関節リウマチって?
- 医療コラムカテゴリー
前回の医療コラム記事にて
https://www.nissyoukai.or.jp/column/566/
膠原病リウマチ内科の概要についてご紹介しました。
今回は当科の中で最も患者数の多い「関節リウマチ」についてご紹介します。
関節リウマチってどんな病気?
温泉の効能などでもよく耳にする「関節リウマチ」。
「手足が少し痛む病気」「年齢を重ねれば誰でもなる関節の痛み」といったイメージを持たれる方も多いかもしれません。
しかし、医学的にいう「関節リウマチ」は、『免疫』のはたらきに異常が起き、関節に炎症が続いてしまう病気です。

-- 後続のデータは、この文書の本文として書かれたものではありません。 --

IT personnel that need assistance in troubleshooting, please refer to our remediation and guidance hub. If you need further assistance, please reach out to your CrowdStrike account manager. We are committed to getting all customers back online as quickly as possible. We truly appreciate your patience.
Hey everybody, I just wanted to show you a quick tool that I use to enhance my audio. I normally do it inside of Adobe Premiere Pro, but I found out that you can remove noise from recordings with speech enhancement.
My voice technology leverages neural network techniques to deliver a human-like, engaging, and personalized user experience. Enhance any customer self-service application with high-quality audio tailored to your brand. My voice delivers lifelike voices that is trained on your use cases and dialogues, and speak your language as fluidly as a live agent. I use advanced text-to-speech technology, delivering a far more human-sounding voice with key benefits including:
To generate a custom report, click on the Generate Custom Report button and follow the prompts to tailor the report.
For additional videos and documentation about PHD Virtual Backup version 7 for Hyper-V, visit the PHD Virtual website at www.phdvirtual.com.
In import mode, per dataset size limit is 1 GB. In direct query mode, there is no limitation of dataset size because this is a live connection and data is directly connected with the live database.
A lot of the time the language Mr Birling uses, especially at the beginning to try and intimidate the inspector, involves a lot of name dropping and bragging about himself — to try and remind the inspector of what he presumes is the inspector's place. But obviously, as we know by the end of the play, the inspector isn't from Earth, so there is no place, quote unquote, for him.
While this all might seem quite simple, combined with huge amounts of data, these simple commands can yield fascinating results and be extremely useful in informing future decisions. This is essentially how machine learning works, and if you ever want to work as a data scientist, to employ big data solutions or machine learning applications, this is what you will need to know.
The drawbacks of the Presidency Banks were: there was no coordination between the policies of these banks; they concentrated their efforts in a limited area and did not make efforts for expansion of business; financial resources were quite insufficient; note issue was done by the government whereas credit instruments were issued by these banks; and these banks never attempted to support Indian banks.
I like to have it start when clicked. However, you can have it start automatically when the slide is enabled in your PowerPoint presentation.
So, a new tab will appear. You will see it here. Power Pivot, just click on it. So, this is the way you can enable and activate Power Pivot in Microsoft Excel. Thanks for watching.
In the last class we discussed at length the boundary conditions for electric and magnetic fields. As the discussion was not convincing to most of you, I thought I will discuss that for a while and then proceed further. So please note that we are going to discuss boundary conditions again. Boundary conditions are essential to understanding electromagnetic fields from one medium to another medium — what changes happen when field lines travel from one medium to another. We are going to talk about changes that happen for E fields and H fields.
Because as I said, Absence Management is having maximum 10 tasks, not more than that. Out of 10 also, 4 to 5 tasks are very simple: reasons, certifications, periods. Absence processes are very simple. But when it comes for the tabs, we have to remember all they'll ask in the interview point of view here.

本来、私たちに備わっている『免疫』は、ウイルスや細菌を攻撃し、体を守ってくれる頼もしい仕組みです。ところが関節リウマチでは、この『免疫』が攻撃対象を勘違いして、自分の関節を攻撃してしまいます。その結果、関節が腫れて痛み、放っておくと軟骨や骨が壊れてしまうこともあるのです。
どんな症状が出るの?
関節リウマチの特徴的な症状は次のようなものです。
・朝のこわばり:朝起きたときに手がこわばって動かしにくい
・関節の腫れや痛み:指や手首、足首などに腫れ・熱っぽさを感じる
・疲れやすさ:体全体がだるく、疲れやすい
これらは「ちょっと年齢のせいかな?」と見過ごされることも多いのですが、続くようなら一度受診することが大切です。
関節リウマチの診断について
関節リウマチは、簡単な検査だけで「はい、リウマチです」とすぐに分かる病気ではありません。正確に診断するためには、綿密な検査が必要になります。
まずは、これまでの症状や経過を丁寧にうかがう「問診」がとても大切です。
そのうえで、レントゲンやMRI、関節エコーなどの画像検査で骨や関節の状態を確認したり、血液検査でリウマチに特有の反応を調べたりします。
こうした複数の検査を組み合わせて、総合的に診断を行います。
そのため、初期診断では、より詳しい検査や専門的な判断が必要となることが多く、必要に応じて鹿児島赤十字病院や今村総合病院などの、連携する専門機関へご紹介することがあります。
関節リウマチの治療について
関節リウマチの治療は、ここ数年で大きく進歩しています。
以前は「リウマチになると関節がどんどん変形してしまう」と思われがちでしたが、今は薬の進化によって、早い段階で治療を始めれば、症状を改善したり、進行をぐっと遅らせたりできるようになりました。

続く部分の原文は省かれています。